» **Your objective**
From the data below, repeat exactly the lines from the line with "De las mujeres" to the line with "Negru, Nexio Cablu", both included.

Start of Material to process

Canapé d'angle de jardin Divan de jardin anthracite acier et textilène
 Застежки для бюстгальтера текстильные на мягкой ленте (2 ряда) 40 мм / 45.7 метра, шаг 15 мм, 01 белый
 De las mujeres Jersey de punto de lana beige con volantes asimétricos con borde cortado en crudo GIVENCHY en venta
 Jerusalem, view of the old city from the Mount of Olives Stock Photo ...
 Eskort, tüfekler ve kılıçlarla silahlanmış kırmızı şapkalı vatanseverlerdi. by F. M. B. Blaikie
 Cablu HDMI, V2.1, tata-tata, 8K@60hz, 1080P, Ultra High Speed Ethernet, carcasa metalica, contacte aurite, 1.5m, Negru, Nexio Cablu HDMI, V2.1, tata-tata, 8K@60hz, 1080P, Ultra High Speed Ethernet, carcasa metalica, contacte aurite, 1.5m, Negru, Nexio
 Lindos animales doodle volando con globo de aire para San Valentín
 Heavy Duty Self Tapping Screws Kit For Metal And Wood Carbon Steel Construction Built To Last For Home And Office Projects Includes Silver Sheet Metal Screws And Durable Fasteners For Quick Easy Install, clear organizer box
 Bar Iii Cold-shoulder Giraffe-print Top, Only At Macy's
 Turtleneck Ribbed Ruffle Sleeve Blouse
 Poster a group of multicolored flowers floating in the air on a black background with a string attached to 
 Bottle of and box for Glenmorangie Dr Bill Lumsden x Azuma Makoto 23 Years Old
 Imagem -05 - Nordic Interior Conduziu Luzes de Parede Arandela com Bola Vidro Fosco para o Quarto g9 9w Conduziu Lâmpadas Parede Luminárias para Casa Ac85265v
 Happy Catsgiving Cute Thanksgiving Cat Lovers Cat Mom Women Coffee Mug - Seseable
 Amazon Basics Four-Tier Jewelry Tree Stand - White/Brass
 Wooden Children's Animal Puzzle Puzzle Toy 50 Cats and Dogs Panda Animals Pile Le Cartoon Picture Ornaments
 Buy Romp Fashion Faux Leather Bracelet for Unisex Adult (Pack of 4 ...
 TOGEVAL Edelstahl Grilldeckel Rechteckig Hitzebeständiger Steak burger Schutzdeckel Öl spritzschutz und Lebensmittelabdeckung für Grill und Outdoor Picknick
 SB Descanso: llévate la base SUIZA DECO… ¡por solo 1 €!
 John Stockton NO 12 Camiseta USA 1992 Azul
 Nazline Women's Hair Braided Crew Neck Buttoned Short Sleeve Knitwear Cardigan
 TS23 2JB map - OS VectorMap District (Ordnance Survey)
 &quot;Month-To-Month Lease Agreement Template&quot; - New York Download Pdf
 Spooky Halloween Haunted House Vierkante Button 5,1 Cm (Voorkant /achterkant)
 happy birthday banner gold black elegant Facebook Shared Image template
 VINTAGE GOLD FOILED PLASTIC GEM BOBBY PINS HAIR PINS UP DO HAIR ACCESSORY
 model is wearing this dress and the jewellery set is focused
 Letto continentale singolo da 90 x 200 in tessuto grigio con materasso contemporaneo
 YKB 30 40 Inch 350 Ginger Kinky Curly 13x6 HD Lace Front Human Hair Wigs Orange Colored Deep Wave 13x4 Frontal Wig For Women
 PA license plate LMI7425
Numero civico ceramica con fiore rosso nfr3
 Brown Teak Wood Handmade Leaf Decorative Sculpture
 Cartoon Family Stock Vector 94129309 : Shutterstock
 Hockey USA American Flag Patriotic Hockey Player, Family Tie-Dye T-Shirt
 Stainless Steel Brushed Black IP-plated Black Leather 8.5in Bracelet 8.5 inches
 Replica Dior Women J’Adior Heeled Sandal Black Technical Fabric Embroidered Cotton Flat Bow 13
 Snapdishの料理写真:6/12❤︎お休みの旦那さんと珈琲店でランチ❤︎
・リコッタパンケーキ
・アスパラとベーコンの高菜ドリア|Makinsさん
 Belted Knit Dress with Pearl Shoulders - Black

End of Material to process

» **Response**
 De las mujeres Jersey de punto de lana beige con volantes asimétricos con borde cortado en crudo GIVENCHY en venta
 Jerusalem, view of the old city from the Mount of Olives Stock Photo ...
 Eskort, tüfekler ve kılıçlarla silahlanmış kırmızı şapkalı vatanseverlerdi. by F. M. B. Blaikie
 Cablu HDMI, V2.1, tata-tata, 8K@60hz, 1080P, Ultra High Speed Ethernet, carcasa metalica, contacte aurite, 1.5m, Negru, Nexio Cablu HDMI, V2.1, tata-tata, 8K@60hz, 1080P, Ultra High Speed Ethernet, carcasa metalica, contacte aurite, 1.5m, Negru, Nexio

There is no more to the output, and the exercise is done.